• **THE TASK**: When you reach the line with "Kepleris, Tiger, 1st" in the listing below, write out that line and every one after it exactly, and skip the pictures.

• **DATA BLOCK**:
==================================================

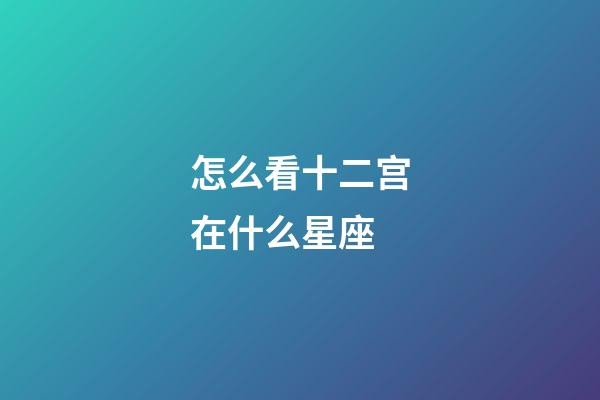 怎么看十二宫在什么星座-第1张-星座运势-玄机派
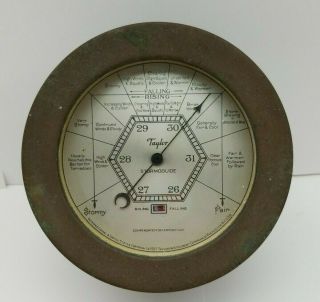 Vintage 1927 Taylor Instrument Stormoguide Heavy Brass Strip Barometer U.  S.  A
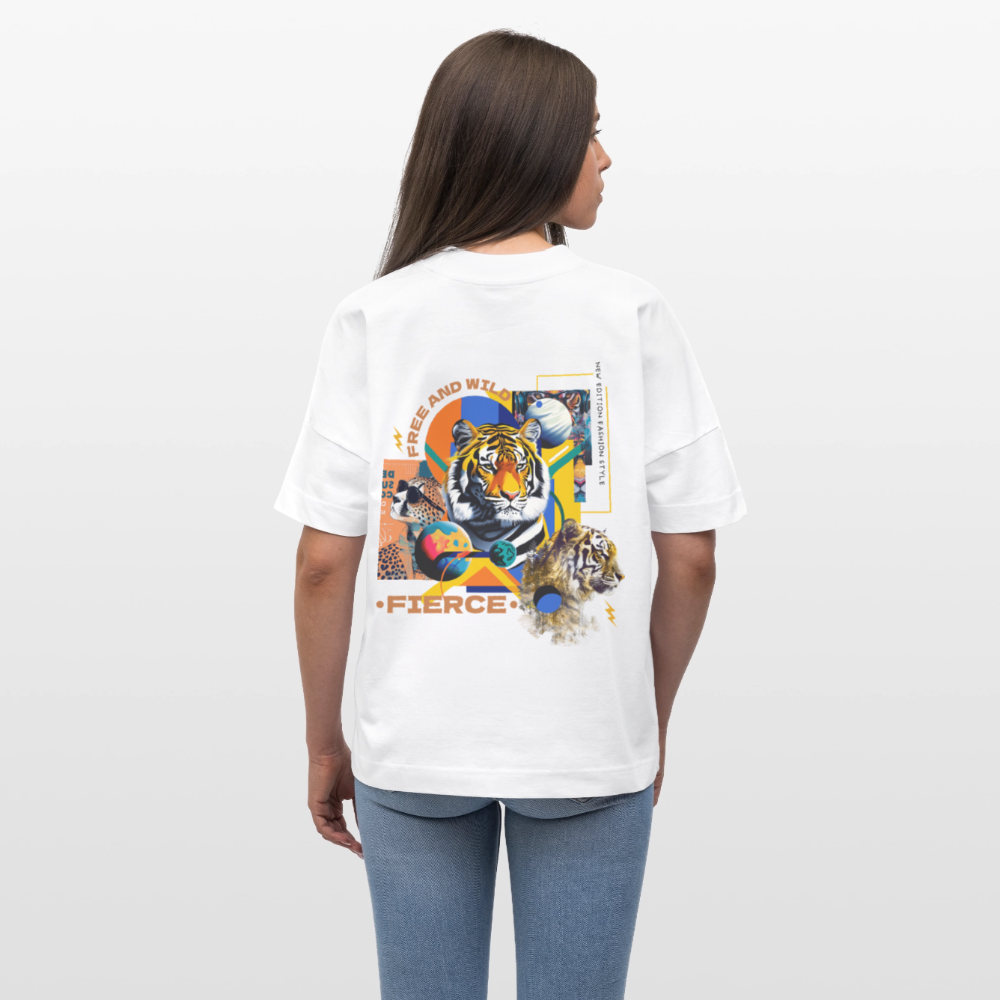 Kepleris, Tiger, 1st | Blaster, Oversize Bio T-Shirt, Unisex - Weiß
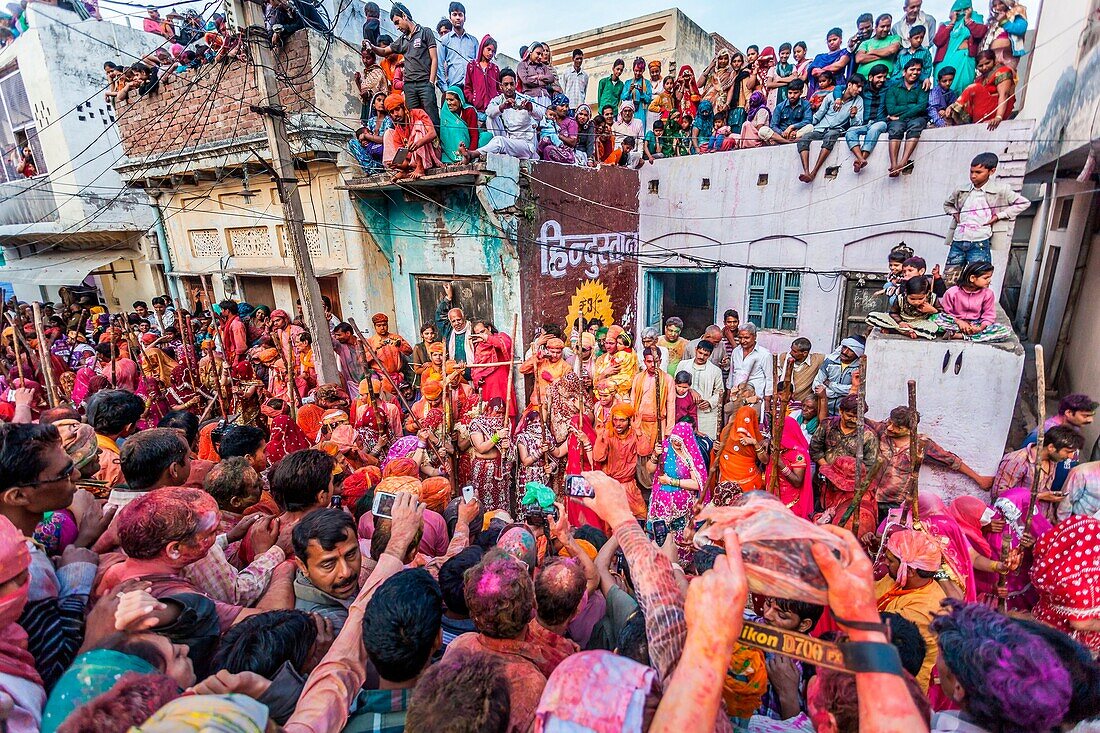 Asia, India, Uttar Pradesh, Nandgaon, Lathmar Holi festival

==================================================

• **RESPONSE TO THIS EXERCISE**:
 Kepleris, Tiger, 1st | Blaster, Oversize Bio T-Shirt, Unisex - Weiß
 Asia, India, Uttar Pradesh, Nandgaon, Lathmar Holi festival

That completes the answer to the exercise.